- _Task directions_: Take from the entries below the stretch from the line with "Альбом для рисования" through the line with "цвета | яркие", and return it exactly, leaving the pictures out.

- _Data for review_:
+++

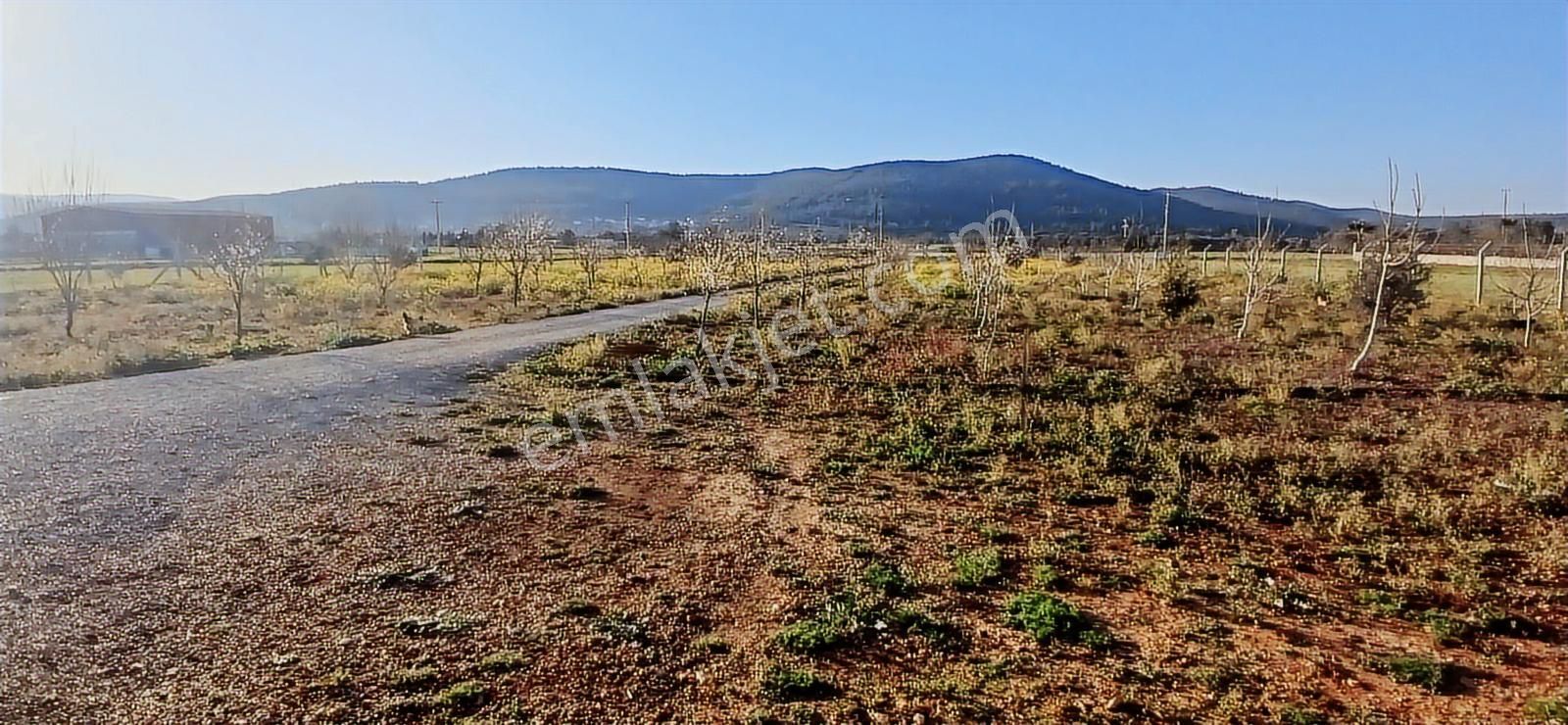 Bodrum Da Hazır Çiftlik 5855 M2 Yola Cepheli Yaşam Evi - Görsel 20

+++

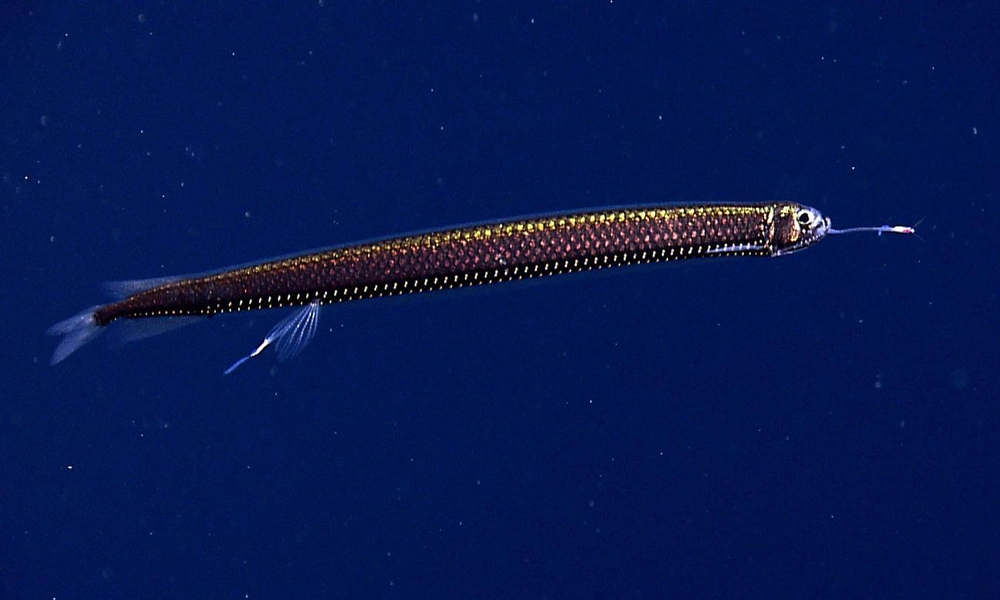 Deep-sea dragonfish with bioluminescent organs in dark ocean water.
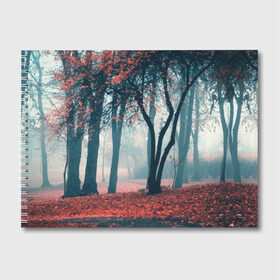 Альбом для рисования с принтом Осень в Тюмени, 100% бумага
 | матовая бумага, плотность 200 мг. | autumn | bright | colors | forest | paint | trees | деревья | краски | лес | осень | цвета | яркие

+++

- _Response to the exercise_:
 Альбом для рисования с принтом Осень в Тюмени, 100% бумага
 | матовая бумага, плотность 200 мг. | autumn | bright | colors | forest | paint | trees | деревья | краски | лес | осень | цвета | яркие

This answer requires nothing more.